Five answers have been received, none of which explains the difficulty arising from the well-known fact that a floating body is the same weight as the displaced fluid. Hecla says that "Only that portion of the smaller bucket which descends below the original level of the water can be properly said to be immersed, and only an equal bulk of water is displaced." Hence, according to Hecla, a solid whose weight was equal to that of an equal bulk of water, would not float till the whole of it was below "the original level" of the water: but, as a matter of fact, it would float as soon as it was all under water. Magpie says the fallacy is "the assumption that one body can displace another from a place where it isn't", and that Lardner's assertion is incorrect, except when the containing vessel "was originally full to the brim". But the question of floating depends on the present state of things, not on past history. Old King Cole takes the same view as Hecla. Tympanum and Vindex assume that "displaced" means "raised above its original level", and merely explain how it comes to pass that the water, so raised, is less in bulk than the immersed portion of bucket, and thus land themselves --or rather set themselves floating--in the same boat as Hecla.

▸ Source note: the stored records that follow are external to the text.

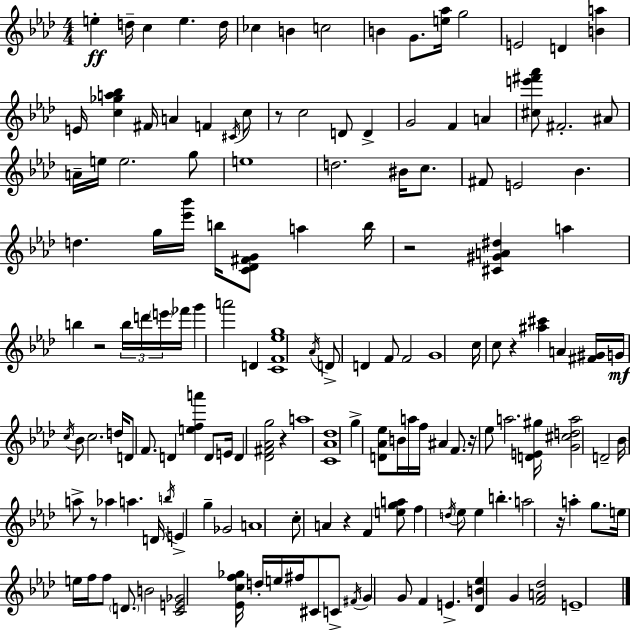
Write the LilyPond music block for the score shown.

{
  \clef treble
  \numericTimeSignature
  \time 4/4
  \key aes \major
  e''4-.\ff d''16-- c''4 e''4. d''16 | ces''4 b'4 c''2 | b'4 g'8. <e'' aes''>16 g''2 | e'2 d'4 <b' a''>4 | \break e'16 <c'' ges'' a'' bes''>4 fis'16 a'4 f'4 \acciaccatura { cis'16 } c''8 | r8 c''2 d'8 d'4-> | g'2 f'4 a'4 | <cis'' e''' fis''' aes'''>8 fis'2.-. ais'8 | \break a'16-- e''16 e''2. g''8 | e''1 | d''2. bis'16 c''8. | fis'8 e'2 bes'4. | \break d''4. g''16 <ees''' bes'''>16 b''16 <c' des' fis' g'>8 a''4 | b''16 r2 <cis' gis' a' dis''>4 a''4 | b''4 r2 \tuplet 3/2 { b''16 d'''16 \parenthesize e'''16 } | fes'''16 g'''4 a'''2 d'4 | \break <c' f' ees'' g''>1 | \acciaccatura { aes'16 } d'8-> d'4 f'8 f'2 | g'1 | c''16 c''8 r4 <ais'' cis'''>4 a'4 | \break <fis' gis'>16 g'16\mf \acciaccatura { c''16 } bes'8 c''2. | d''16 d'8 f'8. d'4 <e'' f'' a'''>4 | d'8 e'16 d'4 <des' fis' aes' g''>2 r4 | a''1 | \break <c' aes' des''>1 | g''4-> <d' aes' ees''>8 b'16 a''16 f''16 ais'4 | f'8. r16 ees''8 a''2. | <d' e' gis''>16 <g' cis'' d'' a''>2 d'2-- | \break bes'16 a''8-> r8 aes''4 a''4. | d'16 \acciaccatura { b''16 } e'4-> g''4-- ges'2 | a'1 | c''8-. a'4 r4 f'4 | \break <e'' g'' a''>8 f''4 \acciaccatura { d''16 } ees''8 ees''4 b''4.-. | a''2 r16 a''4-. | g''8. e''16 e''16 f''16 f''8 \parenthesize d'8. b'2 | <c' e' ges'>2 <ees' c'' f'' ges''>16 d''16-. e''16 | \break fis''16 cis'8 c'8-> \acciaccatura { fis'16 } g'4 g'8 f'4 | e'4.-> <des' b' ees''>4 g'4 <f' a' des''>2 | e'1-- | \bar "|."
}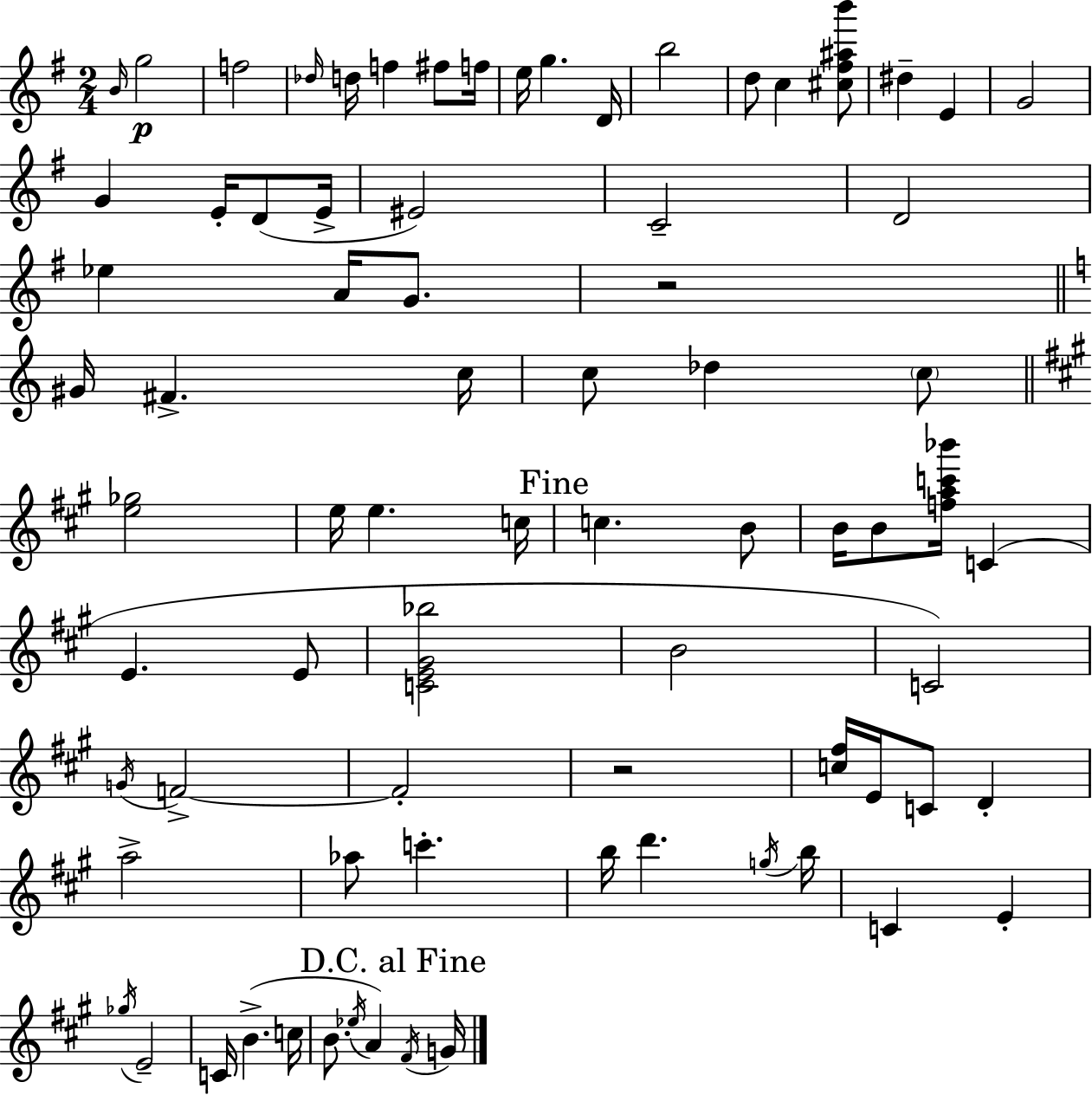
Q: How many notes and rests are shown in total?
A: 77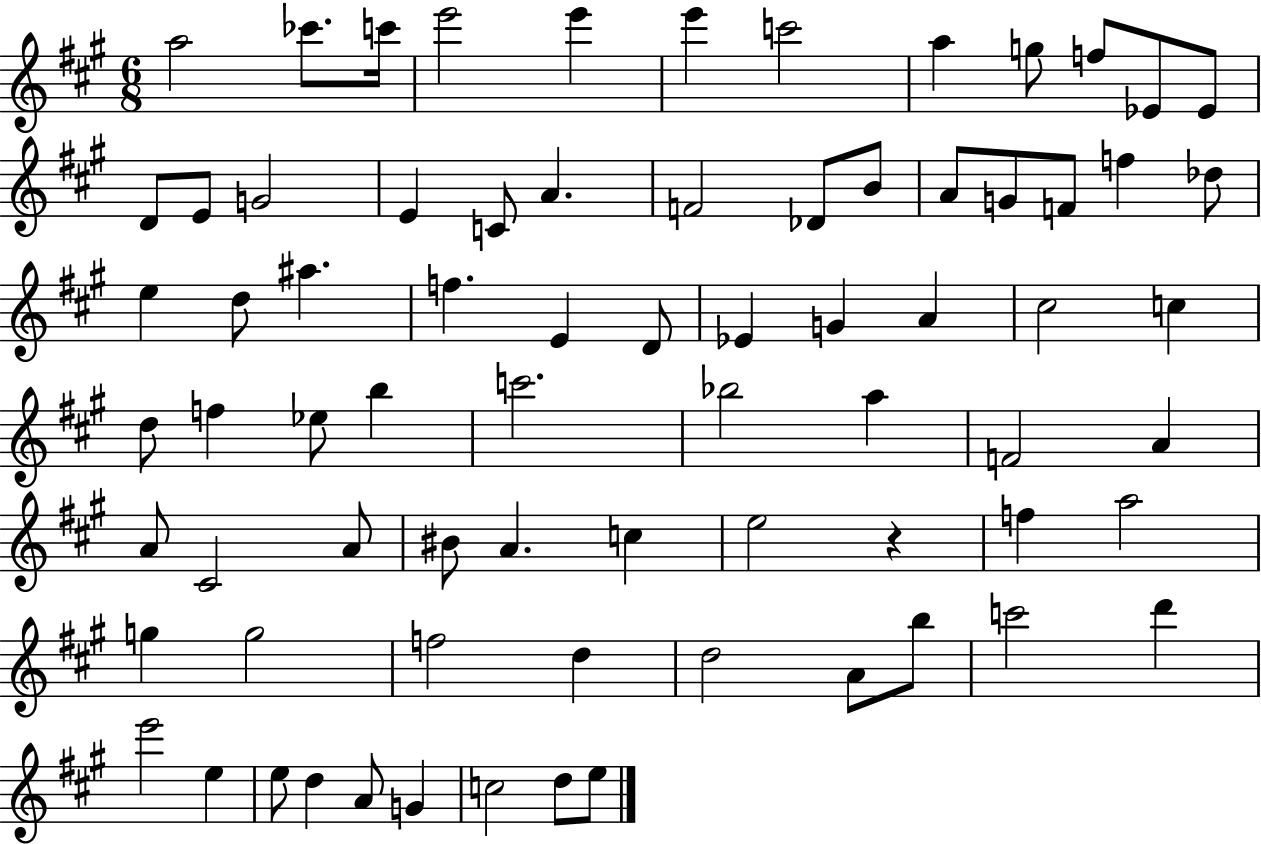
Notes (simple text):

A5/h CES6/e. C6/s E6/h E6/q E6/q C6/h A5/q G5/e F5/e Eb4/e Eb4/e D4/e E4/e G4/h E4/q C4/e A4/q. F4/h Db4/e B4/e A4/e G4/e F4/e F5/q Db5/e E5/q D5/e A#5/q. F5/q. E4/q D4/e Eb4/q G4/q A4/q C#5/h C5/q D5/e F5/q Eb5/e B5/q C6/h. Bb5/h A5/q F4/h A4/q A4/e C#4/h A4/e BIS4/e A4/q. C5/q E5/h R/q F5/q A5/h G5/q G5/h F5/h D5/q D5/h A4/e B5/e C6/h D6/q E6/h E5/q E5/e D5/q A4/e G4/q C5/h D5/e E5/e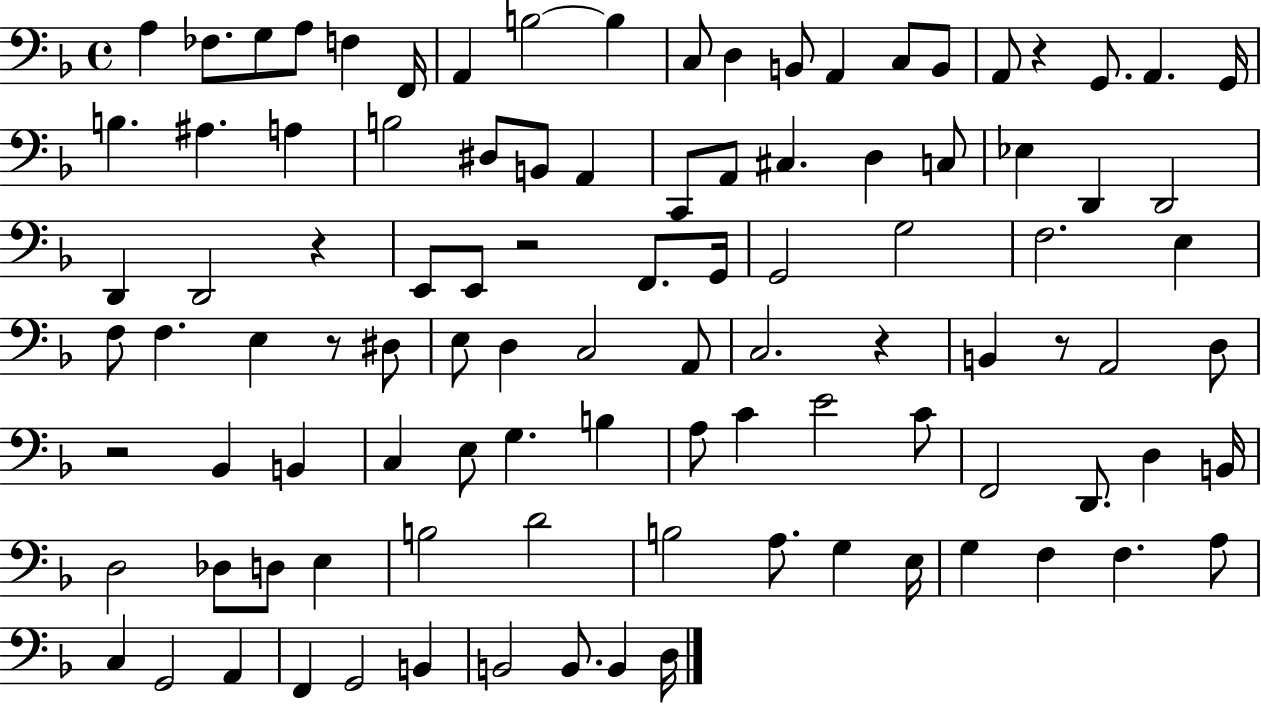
A3/q FES3/e. G3/e A3/e F3/q F2/s A2/q B3/h B3/q C3/e D3/q B2/e A2/q C3/e B2/e A2/e R/q G2/e. A2/q. G2/s B3/q. A#3/q. A3/q B3/h D#3/e B2/e A2/q C2/e A2/e C#3/q. D3/q C3/e Eb3/q D2/q D2/h D2/q D2/h R/q E2/e E2/e R/h F2/e. G2/s G2/h G3/h F3/h. E3/q F3/e F3/q. E3/q R/e D#3/e E3/e D3/q C3/h A2/e C3/h. R/q B2/q R/e A2/h D3/e R/h Bb2/q B2/q C3/q E3/e G3/q. B3/q A3/e C4/q E4/h C4/e F2/h D2/e. D3/q B2/s D3/h Db3/e D3/e E3/q B3/h D4/h B3/h A3/e. G3/q E3/s G3/q F3/q F3/q. A3/e C3/q G2/h A2/q F2/q G2/h B2/q B2/h B2/e. B2/q D3/s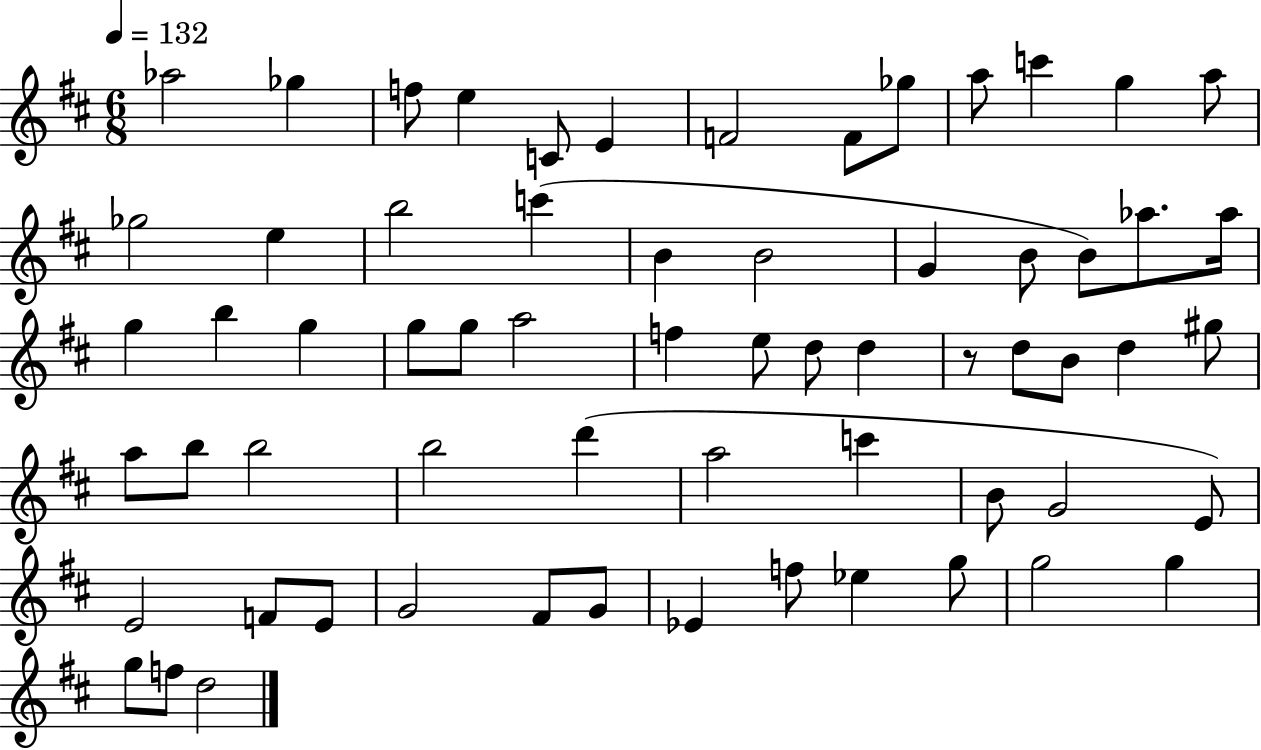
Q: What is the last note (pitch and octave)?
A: D5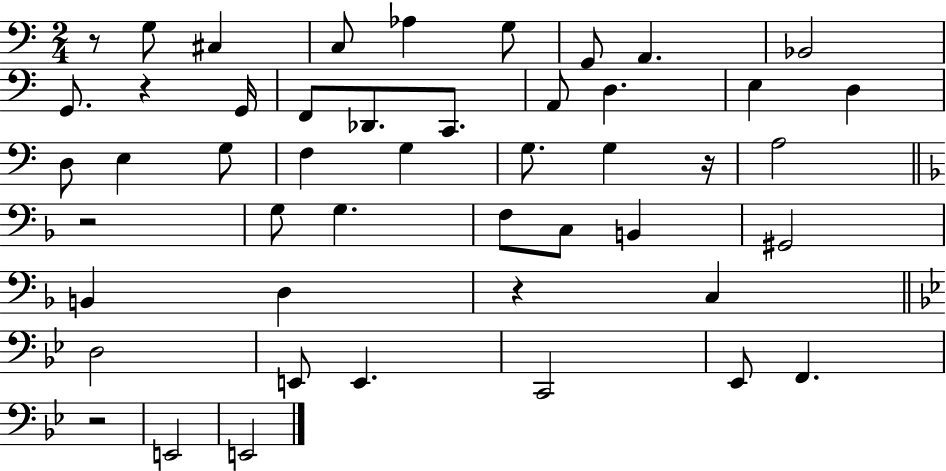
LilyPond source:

{
  \clef bass
  \numericTimeSignature
  \time 2/4
  \key c \major
  r8 g8 cis4 | c8 aes4 g8 | g,8 a,4. | bes,2 | \break g,8. r4 g,16 | f,8 des,8. c,8. | a,8 d4. | e4 d4 | \break d8 e4 g8 | f4 g4 | g8. g4 r16 | a2 | \break \bar "||" \break \key d \minor r2 | g8 g4. | f8 c8 b,4 | gis,2 | \break b,4 d4 | r4 c4 | \bar "||" \break \key bes \major d2 | e,8 e,4. | c,2 | ees,8 f,4. | \break r2 | e,2 | e,2 | \bar "|."
}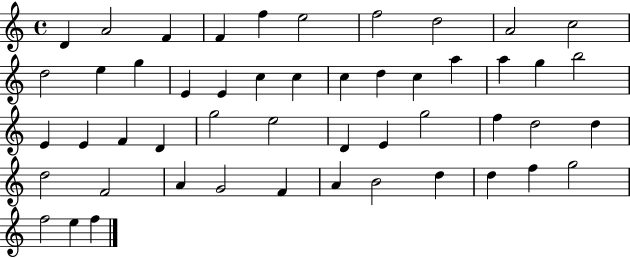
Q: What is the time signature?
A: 4/4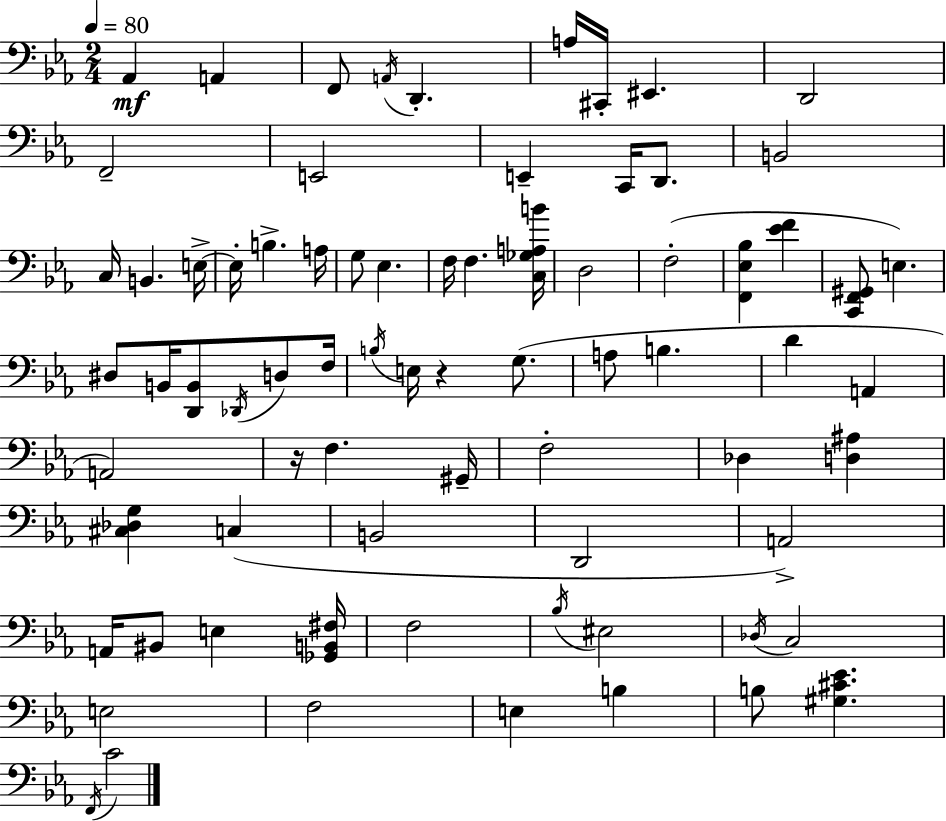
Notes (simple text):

Ab2/q A2/q F2/e A2/s D2/q. A3/s C#2/s EIS2/q. D2/h F2/h E2/h E2/q C2/s D2/e. B2/h C3/s B2/q. E3/s E3/s B3/q. A3/s G3/e Eb3/q. F3/s F3/q. [C3,Gb3,A3,B4]/s D3/h F3/h [F2,Eb3,Bb3]/q [Eb4,F4]/q [C2,F2,G#2]/e E3/q. D#3/e B2/s [D2,B2]/e Db2/s D3/e F3/s B3/s E3/s R/q G3/e. A3/e B3/q. D4/q A2/q A2/h R/s F3/q. G#2/s F3/h Db3/q [D3,A#3]/q [C#3,Db3,G3]/q C3/q B2/h D2/h A2/h A2/s BIS2/e E3/q [Gb2,B2,F#3]/s F3/h Bb3/s EIS3/h Db3/s C3/h E3/h F3/h E3/q B3/q B3/e [G#3,C#4,Eb4]/q. F2/s C4/h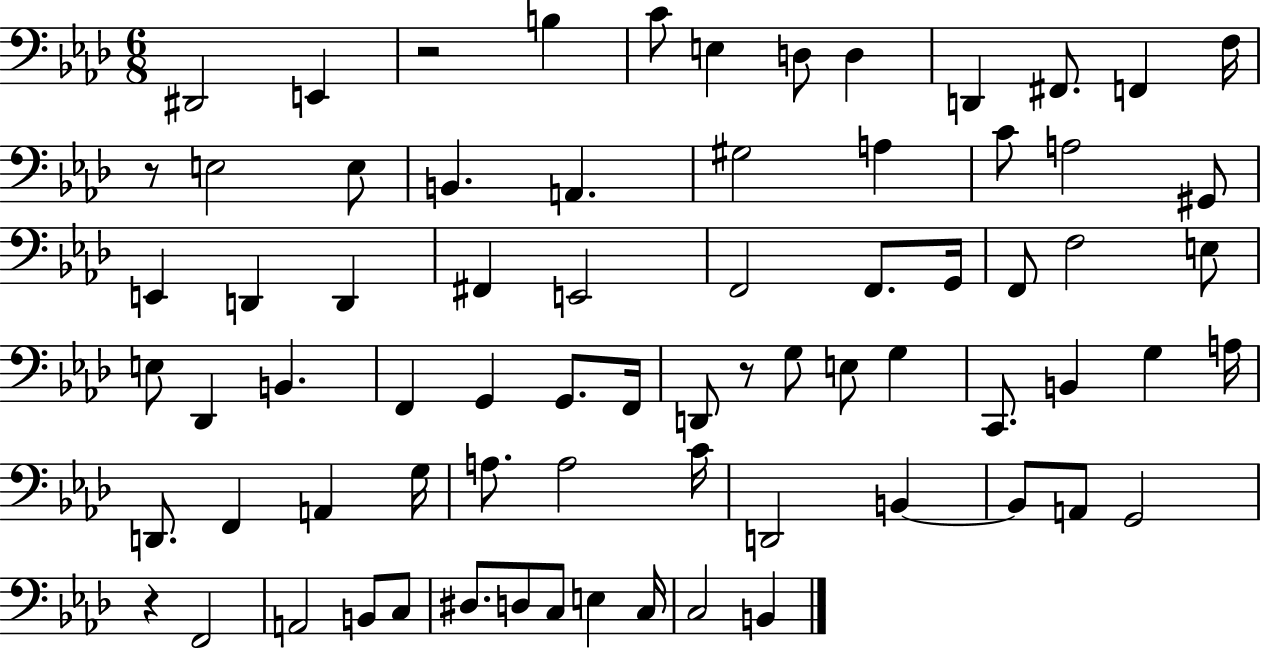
{
  \clef bass
  \numericTimeSignature
  \time 6/8
  \key aes \major
  dis,2 e,4 | r2 b4 | c'8 e4 d8 d4 | d,4 fis,8. f,4 f16 | \break r8 e2 e8 | b,4. a,4. | gis2 a4 | c'8 a2 gis,8 | \break e,4 d,4 d,4 | fis,4 e,2 | f,2 f,8. g,16 | f,8 f2 e8 | \break e8 des,4 b,4. | f,4 g,4 g,8. f,16 | d,8 r8 g8 e8 g4 | c,8. b,4 g4 a16 | \break d,8. f,4 a,4 g16 | a8. a2 c'16 | d,2 b,4~~ | b,8 a,8 g,2 | \break r4 f,2 | a,2 b,8 c8 | dis8. d8 c8 e4 c16 | c2 b,4 | \break \bar "|."
}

I regret that there is no Class List to publish for this Problem.
§ 2. Balbus's Essay
Problem.--Balbus states that if a certain solid be immersed in a certain vessel of water, the water will rise through a series of distances, two inches, one inch, half an inch, etc., which series has no end. He concludes that the water will rise without limit. Is this true?
Solution.--No. This series can never reach 4 inches, since, however many terms we take, we are always short of 4 inches by an amount equal to the last term taken.
Three answers have been received--but only two seem to me worthy of honours.
Tympanum says that the statement about the stick "is merely a blind, to which the old answer may well be applied, solvitur ambulando, or rather mergendo". I trust Tympanum will not test this in his own person, by taking the place of the man in Balbus's Essay! He would infallibly be drowned.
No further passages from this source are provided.